* EXERCISE *
Transcribe the listing that follows in full, exactly, and drop its images.

* RAW DATA *

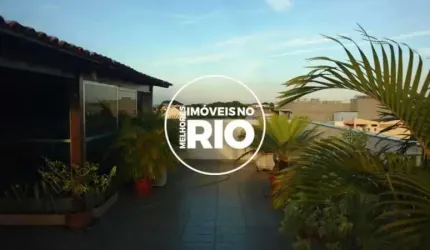 Cobertura com 3 quartos à venda na Rua Vaz de Toledo, --, Engenho Novo, Rio de Janeiro, 180 m2 por R$ 530.000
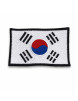 Bordado Bandera (COREA) en cinturón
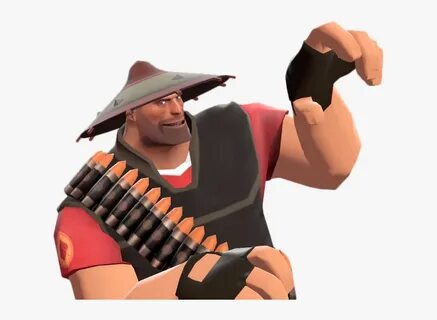Tf2 Heavy Hats, HD Png Download - kindpng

* WRITTEN ANSWER *
 Cobertura com 3 quartos à venda na Rua Vaz de Toledo, --, Engenho Novo, Rio de Janeiro, 180 m2 por R$ 530.000
 Bordado Bandera (COREA) en cinturón
Tf2 Heavy Hats, HD Png Download - kindpng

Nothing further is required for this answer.